What the task requires
Your response should consist of the entire listing, transcribed exactly, with every image left out.

Data provided
=-=-=-=-=

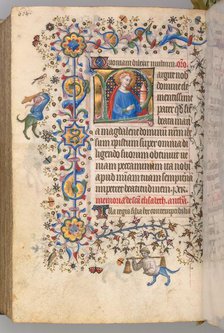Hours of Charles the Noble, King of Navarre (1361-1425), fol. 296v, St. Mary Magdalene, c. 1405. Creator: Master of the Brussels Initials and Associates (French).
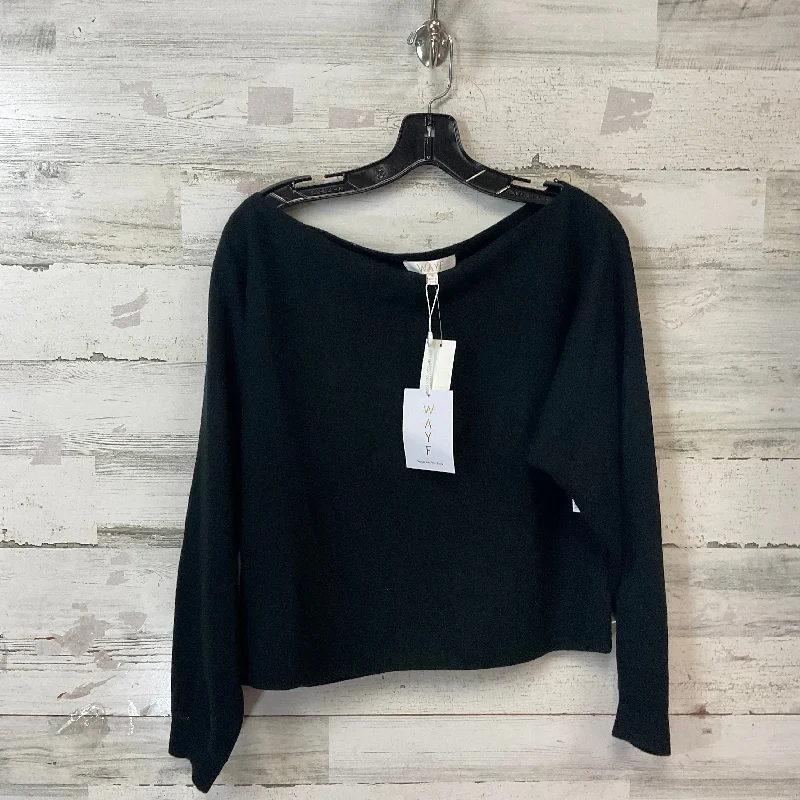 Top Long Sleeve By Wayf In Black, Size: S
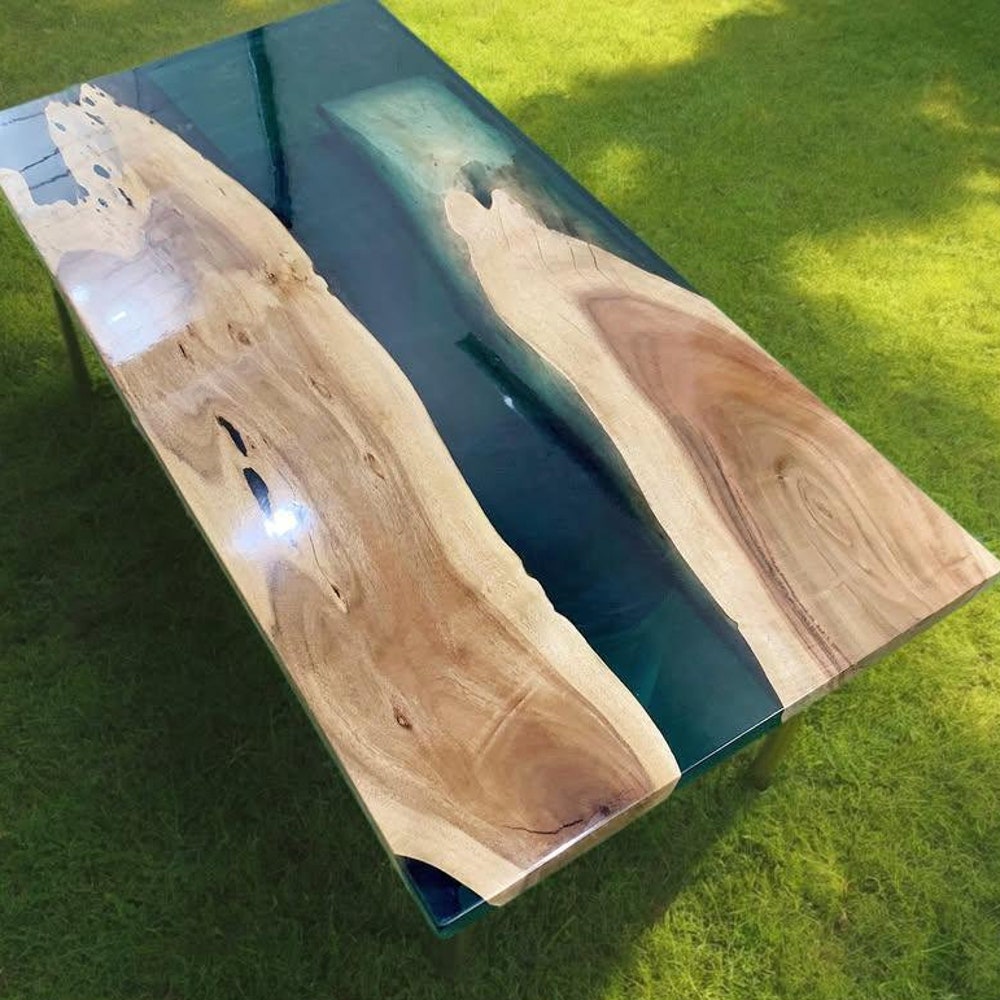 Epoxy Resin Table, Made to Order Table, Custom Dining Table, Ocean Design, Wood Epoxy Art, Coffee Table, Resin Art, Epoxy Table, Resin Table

=-=-=-=-=

Answer to the problem
Hours of Charles the Noble, King of Navarre (1361-1425), fol. 296v, St. Mary Magdalene, c. 1405. Creator: Master of the Brussels Initials and Associates (French).
 Top Long Sleeve By Wayf In Black, Size: S
 Epoxy Resin Table, Made to Order Table, Custom Dining Table, Ocean Design, Wood Epoxy Art, Coffee Table, Resin Art, Epoxy Table, Resin Table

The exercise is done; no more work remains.